The announcement took the opposition parties and press by surprise and threw the country’s usually orderly and predictable political scene into confusion.

The German Constitution calls for federal elections to be held every four years. Calling early elections is a complicated process that requires the approval of the German president, whose post is largely ceremonial, and a parliamentary vote of no confidence in the chancellor.

A snap poll conducted last night showed that if federal elections were held today, Mr. Schroeder’s Social Democratic Party (SPD) would suffer a landslide defeat with just 29 percent against 46 percent for the Christian Democrats (CDU). The Greens, SPD allies, would get 8 percent, as would the liberal Free Democrats, traditional partners of the CDU.

Mr. Schroeder’s center-left coalition of Social Democrats and Greens still has a slim majority in the Bundestag, or lower house of parliament. However, two chancellors, Willy Brandt and Helmut Kohl, called votes of confidence with the express aim of holding new elections, in 1972 and 1983 respectively.

Opposition leader Angela Merkel, who is expected to win the conservative nomination and could become Germany’s first female chancellor, said she did not know how Mr.
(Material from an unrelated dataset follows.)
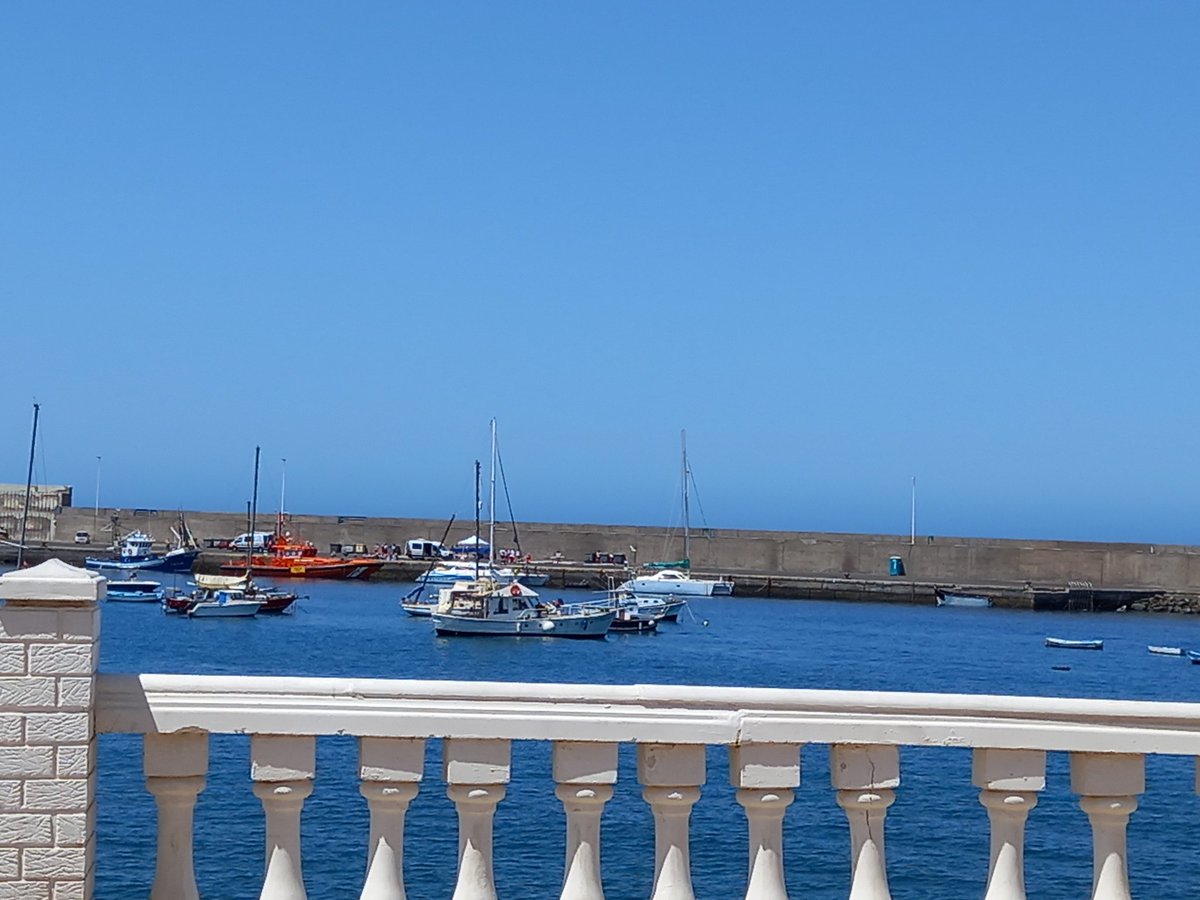 de_vecinal's tweet image. Querido @sanchezcastejon . A la isla de Gran Canaria y al puerto de #arguineguin no han parado de venir. Para que también lo incluya en su agenda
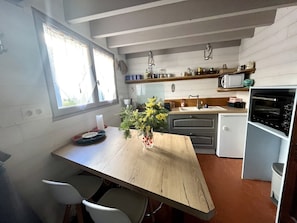 Fridge, microwave, stovetop, dishwasher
Schroeder would manage to arrange early elections but said her Christian Democrats would be ready for it.

“Every day that Germany isn’t ruled by this coalition would be good day for Germany,” she said.

TV projections showed the SPD slumped almost six points to around 37 percent in the western state of North Rhine-Westphalia, the industrial region regarded as the cradle of the German labor movement and home to its dwindling coal and steel industries. The CDU advanced almost eight points to around 45 percent, enough for it to wrest power from the SPD for the first time in 39 years in the state.

Mr. Schroeder has suffered a long line of regional election defeats caused by widespread discontent over his cuts in unemployment, health and pension benefits — the biggest overhaul of the welfare system since World War II. His measures were widely backed by the CDU and are regarded by most economists as essential to stem a steady decline in Europe’s largest economy.

But the measures have failed to cut German unemployment, which hit a postwar record of 5 million last winter and remains above 10 percent of the work force. The economy, famous for churning out top quality cars and machinery, is slowing down from its export-induced growth of 1.7 percent last year because German consumers are too worried about the future to go out and spend.

The country’s six leading economic institutes last month cut their forecasts for German growth in 2005 to 0.7 percent, less than half their earlier projection of 1.5 percent.

The defeat in North Rhine-Westphalia is widely expected to lead to renewed calls from left-wingers in the Social Democrats for more popular policies such as taxes on wealth, and for a halt to any new welfare cuts.